That’s a different starting point than the Antigravity A1, which came at the same concept from the camera side first. The gap shows in how each drone performs. The Avata 360 flies faster, holds up better in wind, and responds more precisely to your inputs. You also get more options for how you want to control it.

When you don’t need 360 footage, you can switch to standard forward-facing 4K recording, and it behaves like a regular camera drone. That flexibility matters.

DJI Avata 360

I have been putting the Avata 360 through its paces for several weeks. I flew it using both the RC 2 controller and the full FPV setup, in conditions that ranged from calm early mornings to windy afternoons along the coast.

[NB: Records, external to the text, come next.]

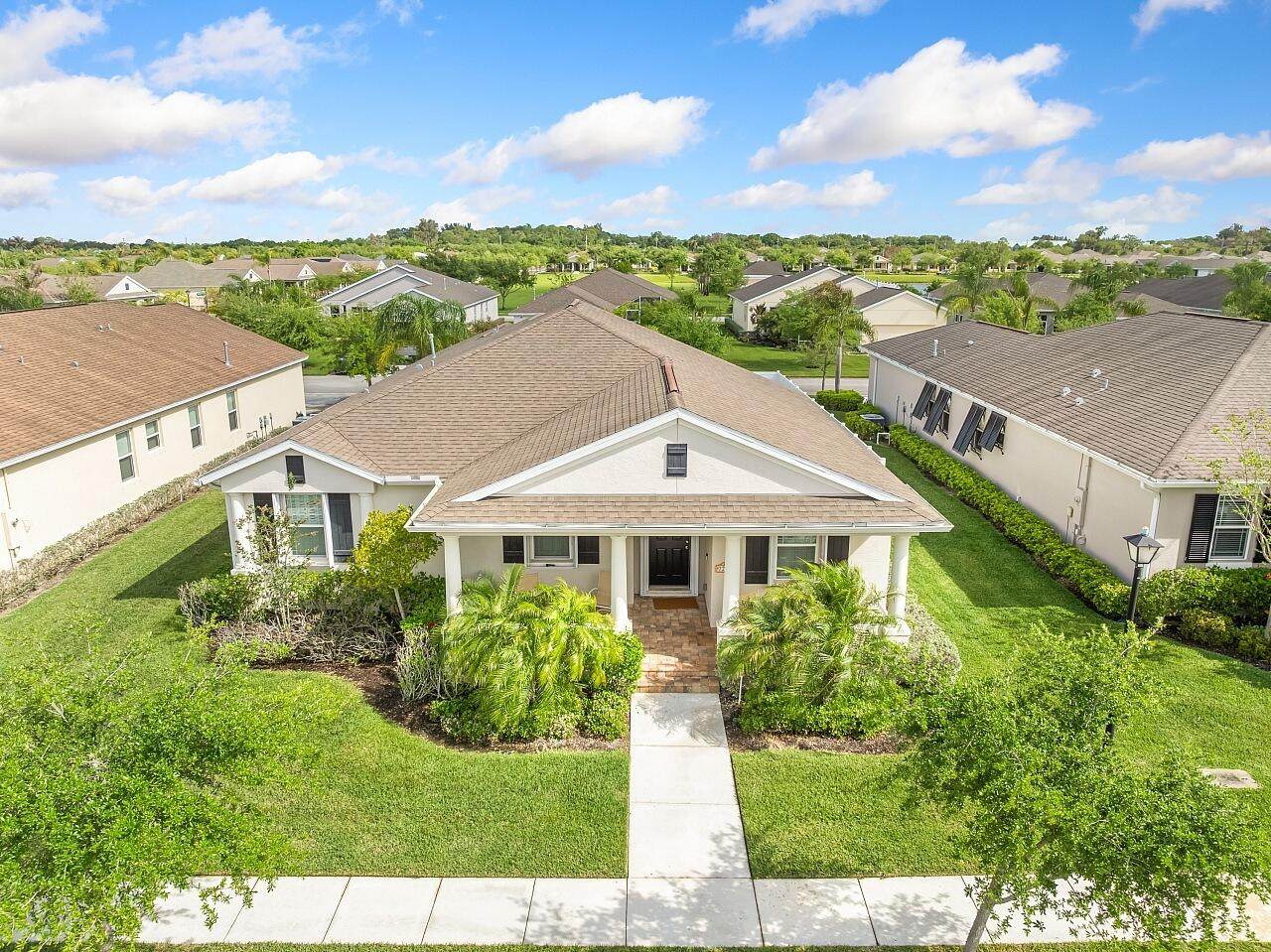 7218 Village Square - Photo 1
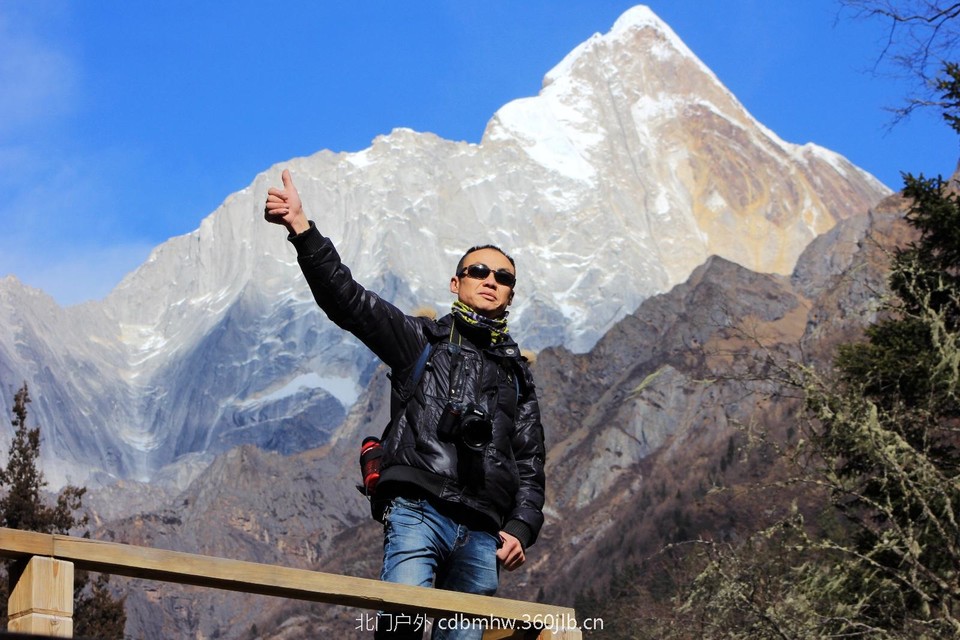 5B9B89B4-2B0B-43D9-9A02-721BD0BDDE2B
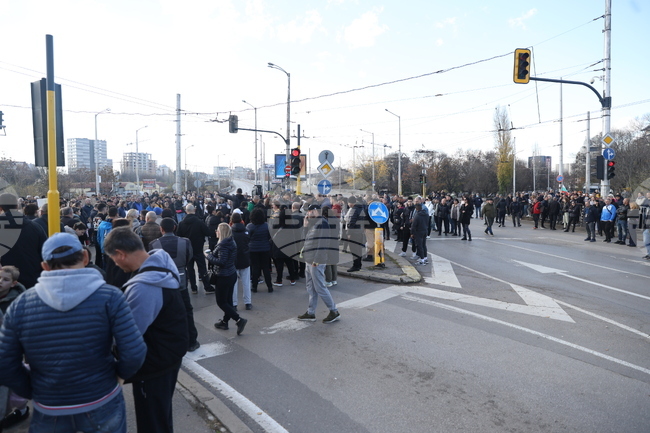 Протест - разширяване на зоните и повишаване на цените - жива верига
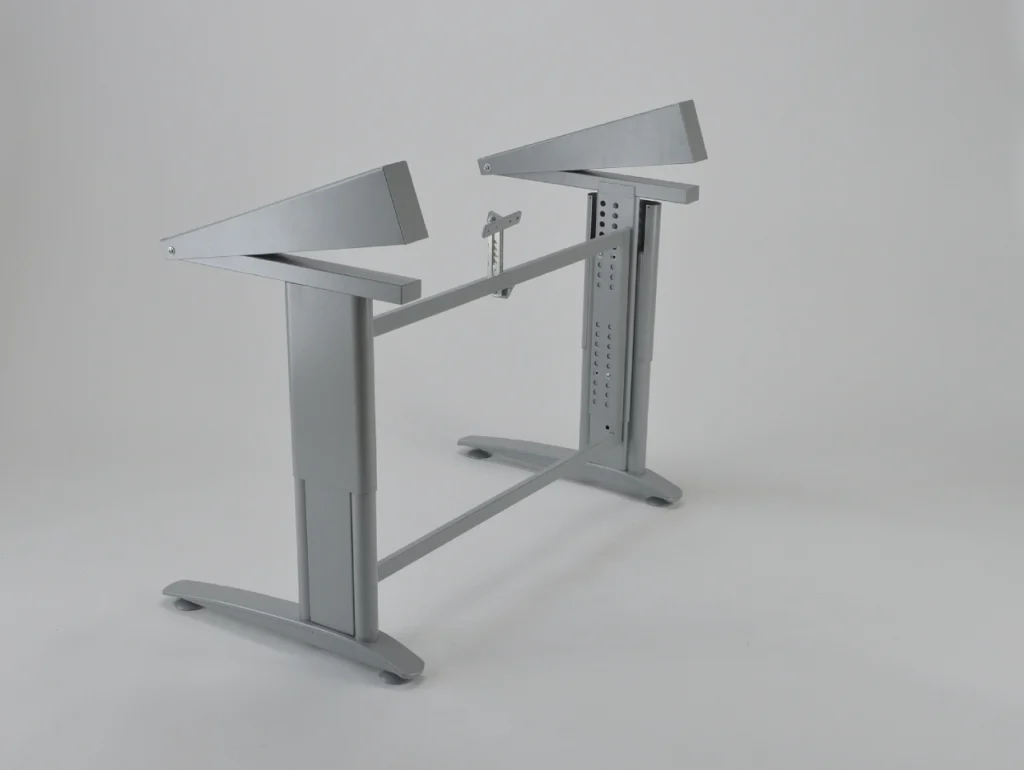 Výškově stavitelná podnož s možností naklápění stolové desky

DJI Avata 360 Camera Drone Price and Availability

DJI gives you four ways to buy the Avata 360, which helps if you already own some of their gear. The aircraft-only package starts at $409 and is aimed at people who already have a compatible controller. Add the RC 2, and the price moves to $639.

If you’re starting from scratch, the Fly More Combos make more sense. Both are priced at $829 and include three batteries, a charging hub with 100W fast-charge support, spare propellers, a landing mat, and a carrying bag. The difference between the two is the controller: one pairs with the RC 2, the other comes with Goggles N3 and RC Motion 3.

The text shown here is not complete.